Amerika uçuşlarına yolcular nedenini anlayamadığım bir kapris ile gelirler hep. Amerika'ya uçma sadece onlara verilen özel bir hak mıdır yoksa kendilerini bir şekilde diğer sefer yolcularından çok mu üstün görüyorlar bilmem ama etrafa öyle bir hor gören , küçümseyen bakışlar atarlar ki siz Amerika'ya değilde Almanya'ya gideceğiniz için kendinizi kötü hissedersiniz.

Bu bakışlar check-in gişeleri açılana kadar sürer. Gişeler açılıp check-in öncesi kontrole başlandığında etrafa atılan küçümseyen bakışlar yerini kendi içlerinde bir homurdanmaya bıkarır çünkü bu kontrol gereksizdir ve zaman kaybıdır. Bu güvenlik aramasının özel bir güvenlik şirketi tarafından yapılmasının ve Amerikan hükümeti nin 11/09 saldırısından sonra zorunlu olarak talep etmesinin hiç bir önemi yoktur çünkü uçağa binene kadar yeteri kadar güvenlik kontrolünden geçilecektir zaten. Kendi aralarındaki homurdanmalarda bu şikayeti duyabilirsiniz çok net.

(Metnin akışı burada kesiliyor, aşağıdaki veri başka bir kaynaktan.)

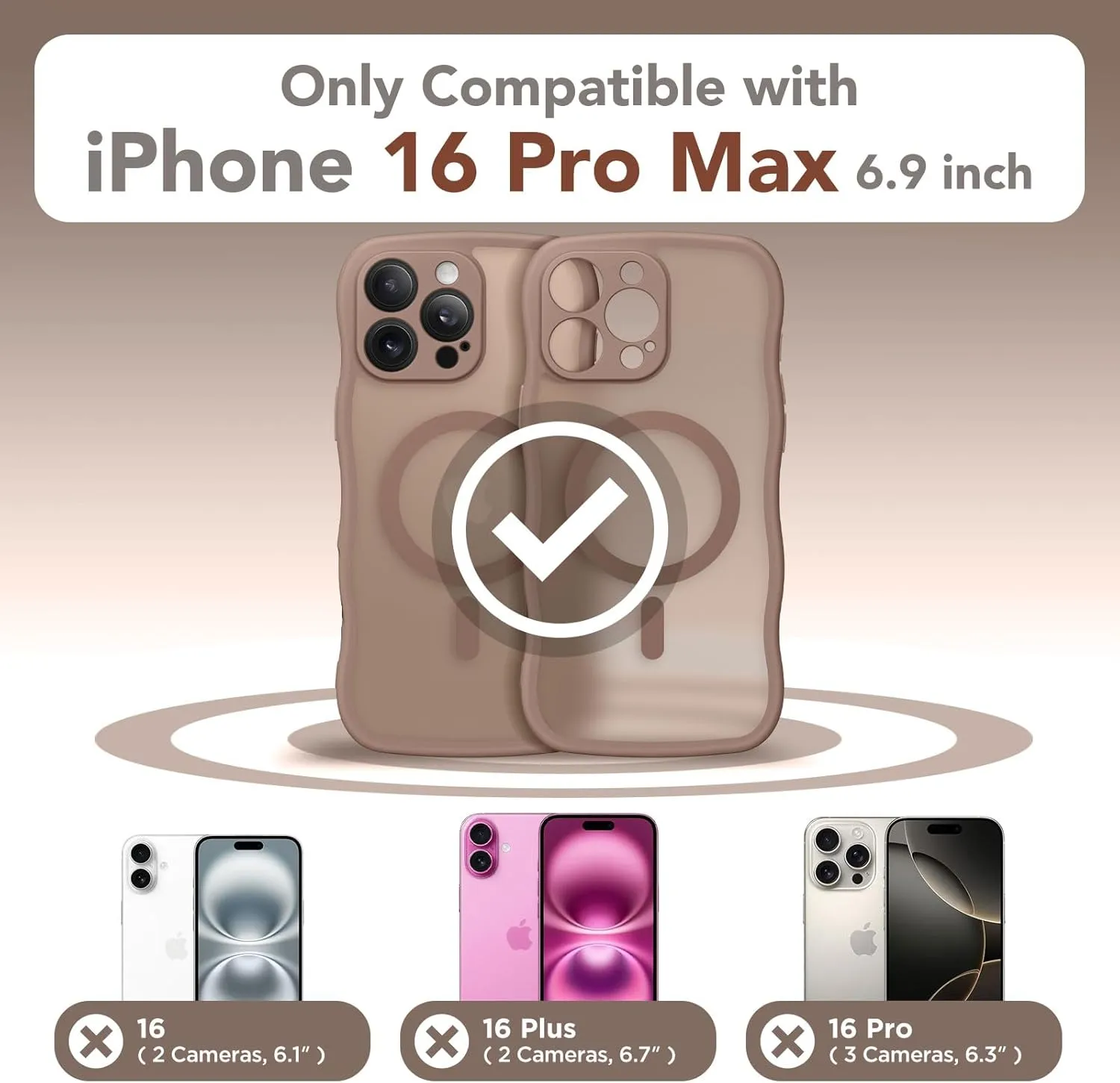 for iPhone 16 Pro Max Case for Women Girls, Upgraded [Full Camera Protection] [Compatible with MagSafe] Cute Wave Translucent Matte Phone Case for iPhone 16 Pro Max, Brown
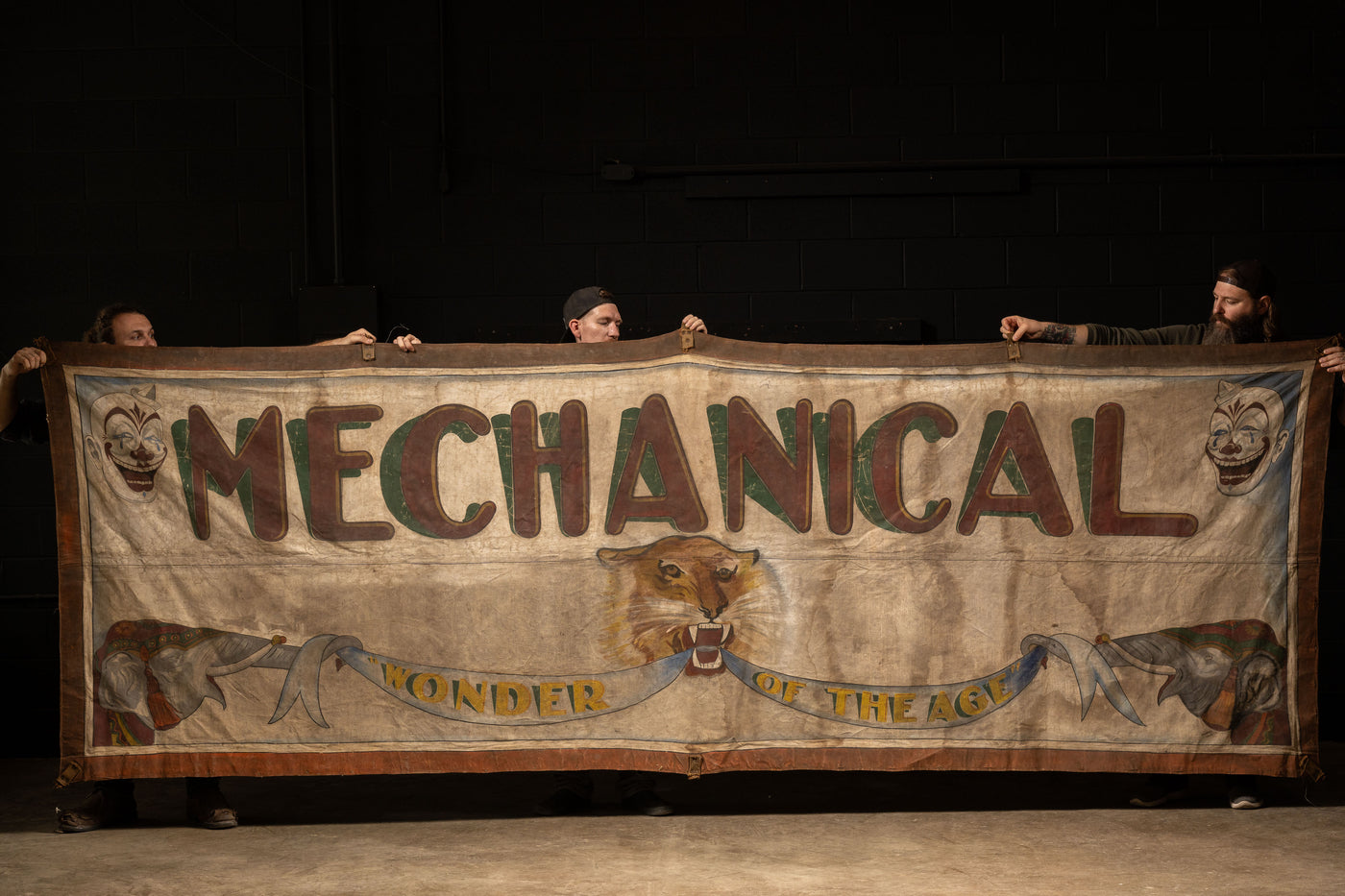 Antique Mechanical Circus "Wonder Of The Age" Large Banner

Uzun süren bu kontrolden sonra bu sefer check-in görevlisinin yavaş çalışmasından yakınmalar başlar.Sanki uçak kaçacak ve onlar binemeyecektir.. Oysa check-in görevlisi onlara Amerika'ya vardıklarında çok büyük bir angaryadan kurtacak işi yapmaktadır.Hem onların TK uçuş kartlarını hemde AA ( American Airlines) ile yapacakları aktarma uçuşları için uçuş kartlarını basmaktadır. Üstelik bunları yaparken bagajlarının gideceği yere göre etiketlerini de yapıştırır. Ama dedim ya , çoğu kişiye göre bu görevli yavaş çalışmaktadır.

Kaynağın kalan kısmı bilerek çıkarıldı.